As a general matter, lawyers have the right to respond to reviews that they perceive to be unfair or inaccurate. However, that right is circumscribed by ER 1.6, which prohibits the disclosure of information relating to the representation or disclosure of confidential information. The prohibition on the disclosure of confidential information contains a “self-defense exception” in ER 1.6(d)(4) (in Arizona anyway, other jurisdictions may have different numbering, but they all have the exception). That exception permits a lawyer to disclose client confidential information to the extent necessary to “establish a claim or defense on behalf of a lawyer in a controversy between the lawyer and the client.” It is this exception around which disciplinary action centers when lawyers respond to negative online reviews.

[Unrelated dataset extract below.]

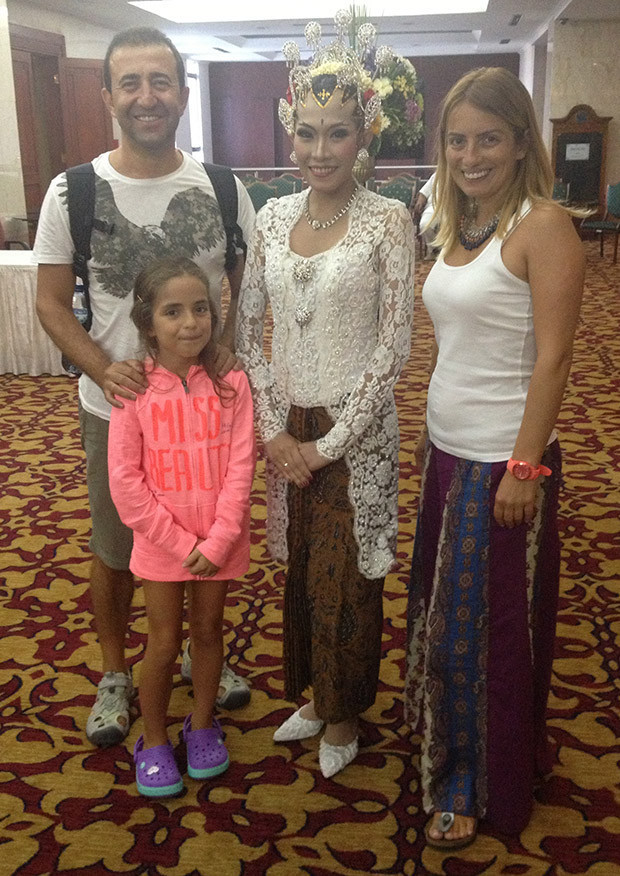 Başka olur Cakarta düğünü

A review of the cases where lawyers had to face discipline for attempting to exercise their ostensible right to defend themselves against a negative online review shows that the self-defense exception rarely works for two reasons: (1) the lawyer evidently (and understandably) finds it impossible to give their side of the story without divulging information subject to confidentiality under Rule 1.6 and (2) a negative online review, by itself, does not meet the requirements of permissible disclosure in self-defense under the rule. In ABA Formal Opinion 496, the reason online reviews do not qualify for the exception is because their informal nature means they do not qualify as a “controversy” between attorney and client under Rule 1.6.

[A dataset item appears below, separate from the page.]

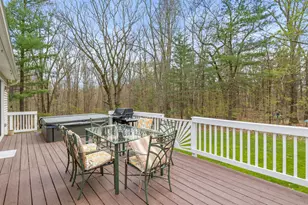 17148 Seneca Ct, Howard City, MI 49329 - Photo 4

So, congratulations: you have the right to respond to negative online reviews, but not in any manner that is likely to be effective and if you effectively respond you will probably be sanctioned. As the New York State Bar Association helpfully explained, this is a good thing: “Unflattering but less formal comments on the skills of lawyers, whether in hallway chatter, a newspaper account, or a website, are an inevitable incident of the practice of a public profession, and may even contribute to the body of knowledge available about lawyers for prospective clients seeking legal advice.” This is a great job, isn’t it?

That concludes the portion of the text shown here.